Additionally, we can make use of node-memwatch (for windows machines, use @floffah/node-memwatch) to hook on to the garbage collection event and get insights to what the garbage collection is doing.

<code>var memwatch = require('@floffah/node-memwatch');// will trigger whenever garbage collection events happen memwatch.on('stats', function (stat:any) { console.log("gc event"); console.log(stat); })// will trigger when memwatch detects a leak memwatch.on('leak', function (stat:any) { console.log("leakleak"); console.log(stat); })</code>

I slapped this bit of code in to a hello world Express app, and by hitting refresh a bunch of times I was able to see the following:

Hello_World_Express

I am only interested in the heapUsedexternal, and arrayBuffers since the other values are too high level for this investigation. What we can see is that even in a hello world application the memory steadily increases until all of a sudden a garbage collection event is fired. The memwatch hook for leak detection is not firing, and along with everything else we’ve discussed, this is a decent indication that there are indeed no memory leaks in my barebones express app.

So unless there’s a memory leak in the Express or NodeJS source code, all signs point to this issue is not being caused by a memory leak.

So what exactly is going on then?

To understand this better, we can take a closer look at the V8 engine that node runs on top of. This blog post does a really good job explaining how V8 handles memory. Essentially, the V8 engine has 2 methods of running Garbage Collection.

  1. Mark-Sweep — relatively slow but frees all non-referenced memory
  2. Scavenge Compact — fast but incomplete

Looking at our outputs, we can see that “gcScavengeCount” was run 32 times, and that the “gcMarkSweetCompact” was run 4 times. The memwatch ‘stat’ hook only fired when the “gcMarkSweep” was performed, but not when the Scavenge was.

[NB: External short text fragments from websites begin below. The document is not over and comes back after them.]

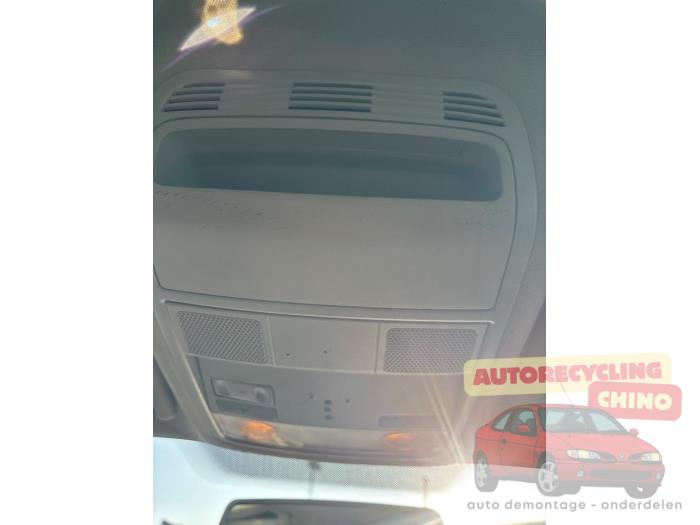 Volkswagen Golf VI Variant 1.6 TDI 16V 105 Sloopvoertuig (2013, Wit)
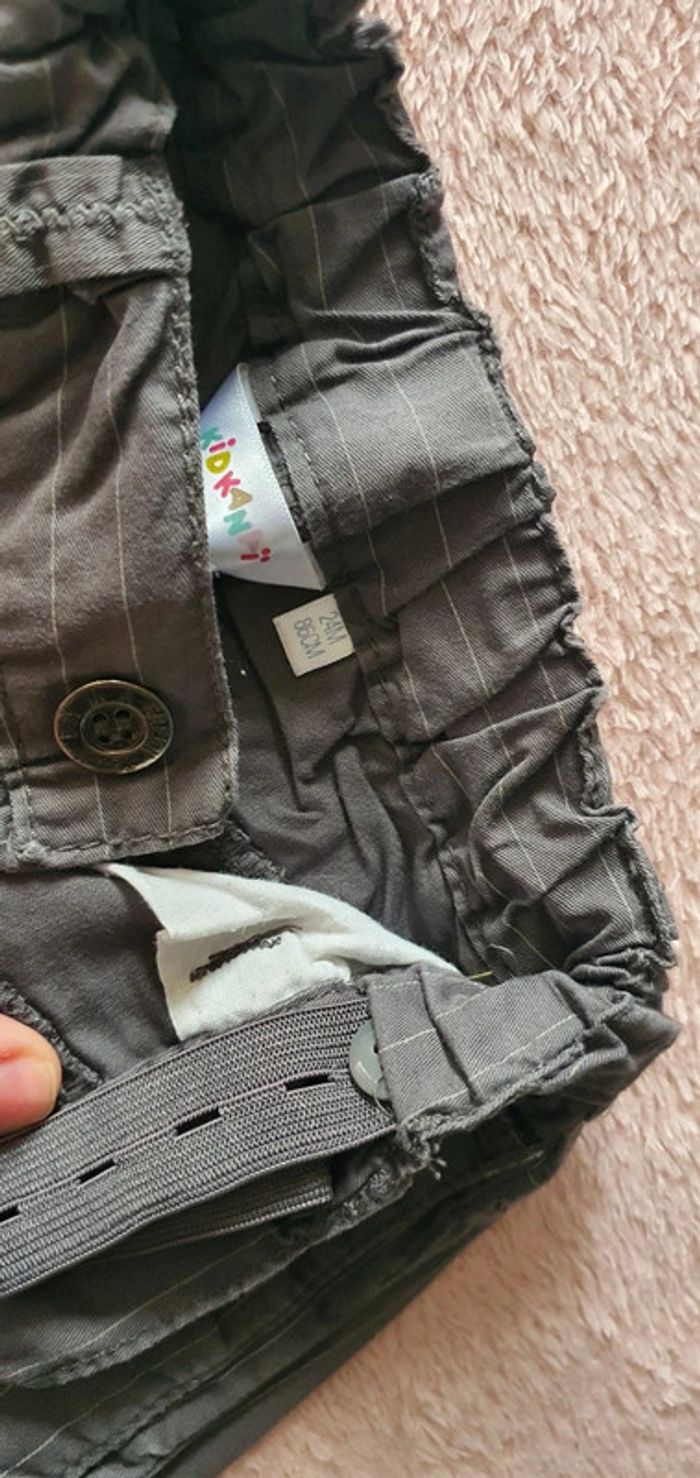 Pantalon garçon 24 mois bébé / enfant - photo numéro 4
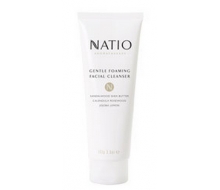  NATIO 香薰泡沫洁面膏100g正品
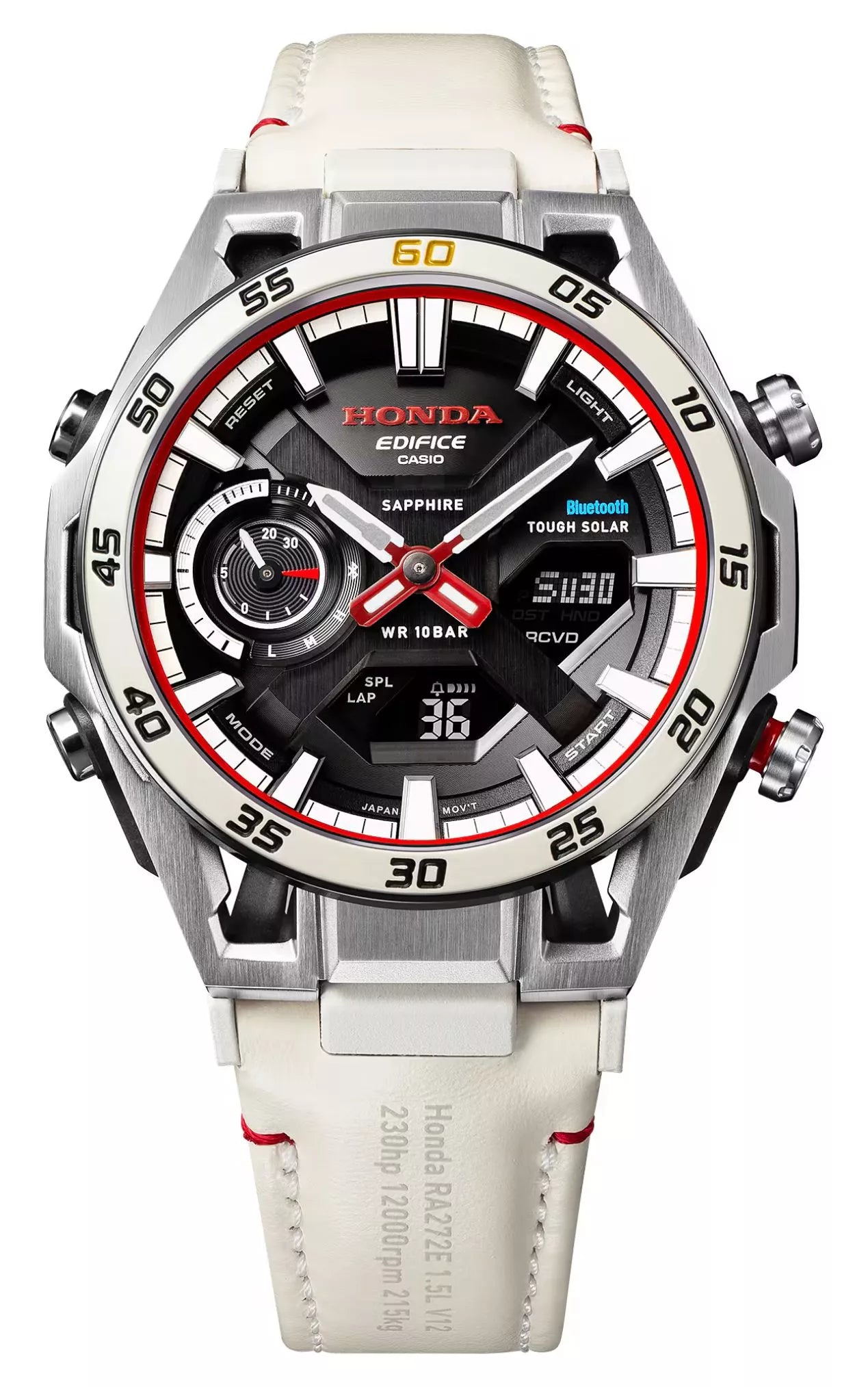 Reloj Casio Edifice Honda ECB-2300HR-1A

When garbage collection runs, it interrupts the execution of the application. So by waiting to run Mark-Sweep until there is a larger chunk of memory to clean, and using the Scavenge Compact method more frequently in between cleans, the V8 engine prioritizes the applications’ performance while still managing the memory usage at a reasonable level.

It turns out you can manually configure how large the chunk will be by using the flag max-old-space-size . This flag gets piped down from the node invocation down to V8 and is the tipping point after which “V8 will spend more time on garbage collection in an effort to free unused memory”.

Now here’s the rub: The default value for this setting is 512MB

This means that if the memory you have allocated for your lambda is less than 512MB, then very likely, your app will run out of memory before the garbage collection kicks in

AFAIK in AWS Lambda, there is no way to introduce this flag or even use the — expose-gc flag (which allows you to manually run garbage collection).

Conclusion

To summarize, If you are running a NodeJS Lambda in AWS, and you’re seeing the memory continue to rise to the point where there is no memory left, all you need to do is increase the memory to greater than 512MB.You can do this by navigating to Configuration > General configuration > Edit

General_Configuration

Other Considerations

Increasing your Lambda’s memory could increase the cost incurred from running the Lambda. Check here to see the AWS Lambda pricing structure.Ironically though, bumping up the memory for our Lambda may save on costs as our average latency and run duration was reduced by a third.